= Id (programming language) =

Irvine Dataflow (Id) is a general-purpose parallel programming language, started at the University of California, Irvine in 1975 by Arvind and K. P. Gostelow. Arvind continued work with Id at MIT into the 1990s.

The major subset of Id is a purely functional programming language with non-strict semantics. Features include: higher-order functions, a Milner-style statically type-checked polymorphic type system with overloading, user defined types and pattern matching, and prefix and infix operators. It led to the development of pH, a parallel dialect of Haskell.

Id programs are fine grained implicitly parallel.

The MVar synchronisation variable abstraction in Haskell is based on Id's M-structures.

==Examples==
Id supports algebraic datatypes, similar to ML, Haskell, or Miranda:

 type bool = False | True;

Types are inferred by default, but may be annotated with a typeof declaration. Type variables use the syntax *0, *1, etc.

 typeof id = *0 -> *0;
 def id x = x;

A function which uses an array comprehension to compute the first $n$ Fibonacci numbers:

 typeof fib_array = int -> (array int);
 def fib_array n =
   { A = { array (0,n) of
         | [0] = 0
         | [1] = 1
         | [i] = A[i-1] + A[i-2] || i <- 2 to n }
   In A };

Note the use of non-strict evaluation in the recursive definition of the array A.
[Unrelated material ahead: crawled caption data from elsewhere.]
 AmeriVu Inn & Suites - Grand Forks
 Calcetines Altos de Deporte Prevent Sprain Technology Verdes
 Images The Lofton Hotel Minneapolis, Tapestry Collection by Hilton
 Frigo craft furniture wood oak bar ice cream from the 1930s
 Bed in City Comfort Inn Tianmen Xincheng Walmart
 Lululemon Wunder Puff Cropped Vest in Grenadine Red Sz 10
Id's lenient evaluation strategy allows cyclic datastructures by default. The following code makes a cyclic list, using the cons operator :.
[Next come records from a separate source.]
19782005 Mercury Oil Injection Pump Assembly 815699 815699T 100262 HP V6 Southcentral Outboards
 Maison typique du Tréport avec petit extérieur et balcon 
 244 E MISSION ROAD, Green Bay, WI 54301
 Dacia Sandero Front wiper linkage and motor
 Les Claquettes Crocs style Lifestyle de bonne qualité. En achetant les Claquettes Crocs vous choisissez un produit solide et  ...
 def cycle x = { A = x : A In A };

However, to avoid nonterminating construction of truly infinite structures, explicit delays must be annotated using #:

 def count_up_from x = x :# count_up_from (x + 1);

==Implementations==
- pHluid
The pHluid system was a research implementation of Id programming language, with future plans for a front-end for pH, a parallel dialect of the Haskell programming language, implemented at Digital's Cambridge Research Laboratory. and non-profit use. It is targeted at standard Unix workstation hardware.